*HOW TO COMPLETE THIS TASK*. Exercise in exact copying: restate word for word only the lines below from the one containing "And for my donor" through the one containing "Which process worked", omitting any pictures.

*PROVIDED DATA*.
----

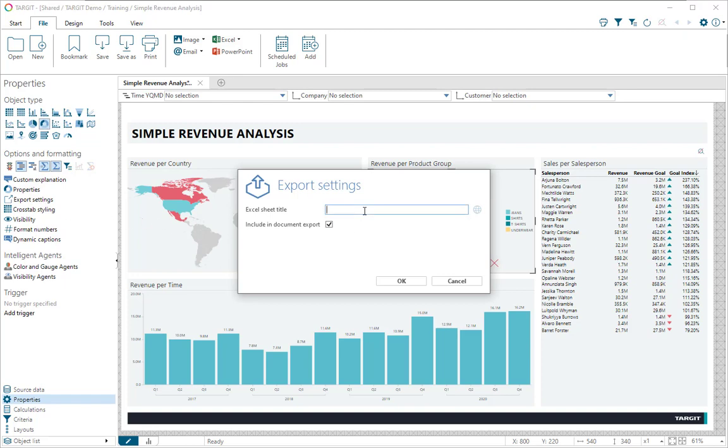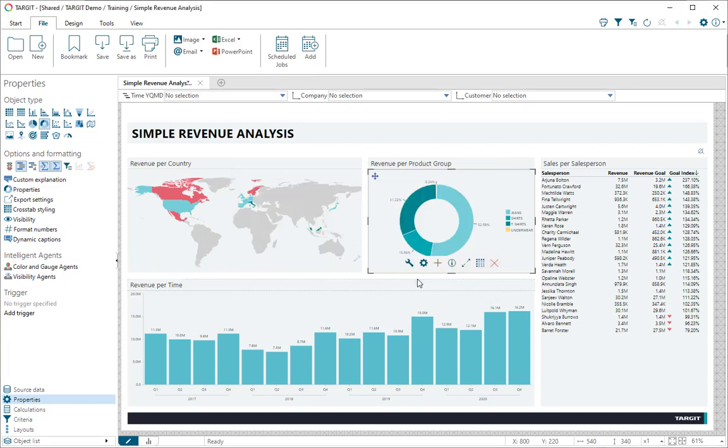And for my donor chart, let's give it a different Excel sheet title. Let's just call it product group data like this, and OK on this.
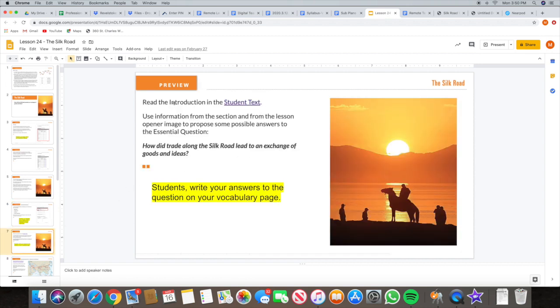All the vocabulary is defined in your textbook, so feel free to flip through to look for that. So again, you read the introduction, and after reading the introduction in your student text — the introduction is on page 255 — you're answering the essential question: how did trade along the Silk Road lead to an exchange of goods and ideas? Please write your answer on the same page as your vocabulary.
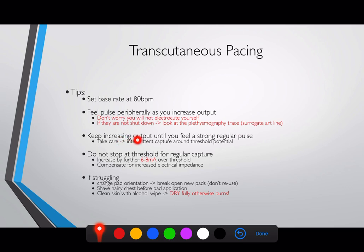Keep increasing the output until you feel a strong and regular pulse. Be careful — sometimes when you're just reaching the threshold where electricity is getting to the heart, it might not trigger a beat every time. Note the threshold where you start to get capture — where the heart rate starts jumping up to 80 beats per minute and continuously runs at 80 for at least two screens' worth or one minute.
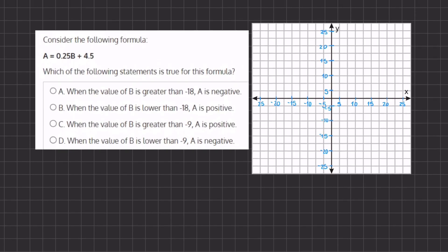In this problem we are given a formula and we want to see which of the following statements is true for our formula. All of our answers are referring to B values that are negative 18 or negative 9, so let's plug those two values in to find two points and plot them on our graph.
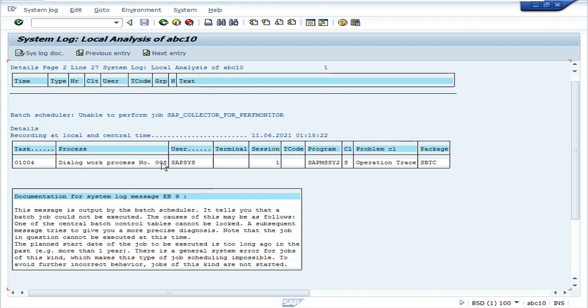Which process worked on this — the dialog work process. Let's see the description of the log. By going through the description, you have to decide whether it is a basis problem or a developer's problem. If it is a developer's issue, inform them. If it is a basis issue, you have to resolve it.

----

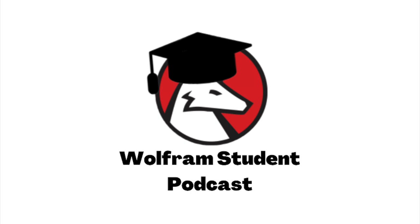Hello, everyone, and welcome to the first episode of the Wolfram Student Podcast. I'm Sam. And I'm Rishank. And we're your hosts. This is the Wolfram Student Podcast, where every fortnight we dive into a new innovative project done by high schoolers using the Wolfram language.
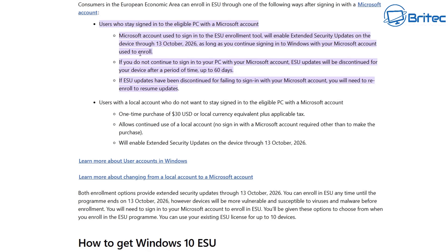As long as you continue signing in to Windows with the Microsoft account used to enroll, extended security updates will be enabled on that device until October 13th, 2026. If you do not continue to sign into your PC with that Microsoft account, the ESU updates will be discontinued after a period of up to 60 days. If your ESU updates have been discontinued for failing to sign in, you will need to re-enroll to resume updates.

----

*TASK OUTPUT*.
And for my donor chart, let's give it a different Excel sheet title. Let's just call it product group data like this, and OK on this.
All the vocabulary is defined in your textbook, so feel free to flip through to look for that. So again, you read the introduction, and after reading the introduction in your student text — the introduction is on page 255 — you're answering the essential question: how did trade along the Silk Road lead to an exchange of goods and ideas? Please write your answer on the same page as your vocabulary.
Keep increasing the output until you feel a strong and regular pulse. Be careful — sometimes when you're just reaching the threshold where electricity is getting to the heart, it might not trigger a beat every time. Note the threshold where you start to get capture — where the heart rate starts jumping up to 80 beats per minute and continuously runs at 80 for at least two screens' worth or one minute.
In this problem we are given a formula and we want to see which of the following statements is true for our formula. All of our answers are referring to B values that are negative 18 or negative 9, so let's plug those two values in to find two points and plot them on our graph.
Which process worked on this — the dialog work process. Let's see the description of the log. By going through the description, you have to decide whether it is a basis problem or a developer's problem. If it is a developer's issue, inform them. If it is a basis issue, you have to resolve it.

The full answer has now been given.